I wonder though what joey thinks about possible utility of a basic fuse wrapper for annex, and possibly shipping it along?
My primary use-case would be primarily oriented for testing, e.g. if I would like to run a (sub)collection of tests (e.g. on travis) which rely on having some data from annex available, now I would need either provide some project/language specific wrapping which would check if file is available or not and then fetch it. With FUSE I thought I could just do that transparently without requiring any per-project coding/setup. Similar use-case would be analysis of some large datasets, once again, without requiring pre-fetching them in entirety and/or piece-by-piece fetching. Another possible additional usecase/mode could also be -- expose only available files under FUSE. If easy to "trigger" it would help to provide that "lean" view I was blurbing about (https://github.com/datalad/datalad/issues/25) although it would be quite a suboptimal workaround (since if directory is heavily loaded with broken links, it would take a while for FUSE handler to first traverse the tree anyways)
Having the lean view would be easy to implement either as an option you pass when mounting or something you can toggle by touching a file ($MNT/.config/lean/{on,off}).
Regarding fetching of files, how would you like it to behave? My previous one would return EBUSY while downloading a file and ENODATA if it wasn't available and couldn't be fetched.
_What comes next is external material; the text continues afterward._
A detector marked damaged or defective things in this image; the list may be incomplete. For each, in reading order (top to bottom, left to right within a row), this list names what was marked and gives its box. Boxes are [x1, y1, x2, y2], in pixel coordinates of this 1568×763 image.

I could, for example, make unavailable files appear as normal files (containing text regarding the download state) until they are available, then they become symlinks. What would work best for you?
for my use cases the best would be if FUSE simply didn't return until file becomes available. Making an option to return immediately with EBUSY/ENODATA could also be generally useful but not in my case I wonder if any timeout would kick in in some use-cases if it takes too long?
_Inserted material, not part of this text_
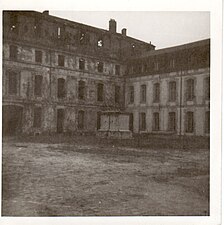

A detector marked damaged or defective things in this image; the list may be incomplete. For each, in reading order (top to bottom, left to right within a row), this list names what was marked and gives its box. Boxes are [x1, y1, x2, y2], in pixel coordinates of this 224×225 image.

Okie dokie, I'll see what I can do.
Can you give me an idea of the annex file properties (file size, count, files per directory, directory count) etc. please?
Thanks for doing it and asking for detail!!! Repositories will vary quite a bit. I am currently testing how big we could actually make them (see https://github.com/datalad/datalad/issues/17)
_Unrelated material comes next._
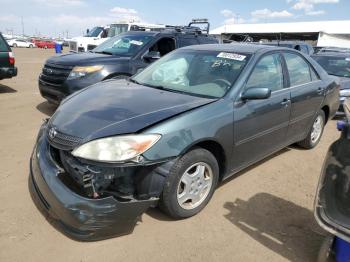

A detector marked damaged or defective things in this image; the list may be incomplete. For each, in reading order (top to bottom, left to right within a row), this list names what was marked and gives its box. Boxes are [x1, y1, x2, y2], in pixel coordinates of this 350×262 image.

Meanwhile here are sample few available for git clone/testing:
https://github.com/datalad/nih--videocast a good collection of heavyish video files http://psydata.ovgu.de/forrest_gump/.git/ a good single dataset with probably a somewhat typical amount of data http://data.pymvpa.org/datasets/haxby2001/.git/ relatively small dataset with typical data sizes
My concern about using FUSE has always been that I don't much like it when open() hangs indefinitely, with no progress indication, and is either downloading some large file from the network or .. just hung.
That doesn't strike me as a nice user interface in general, which is why I avoided using FUSE for the assistant.
It might make sense in the batch use cases Yaroslav gave. If something nice is developed, I would not be against including it in git-annex. (Bonus if it's implemented in haskell.)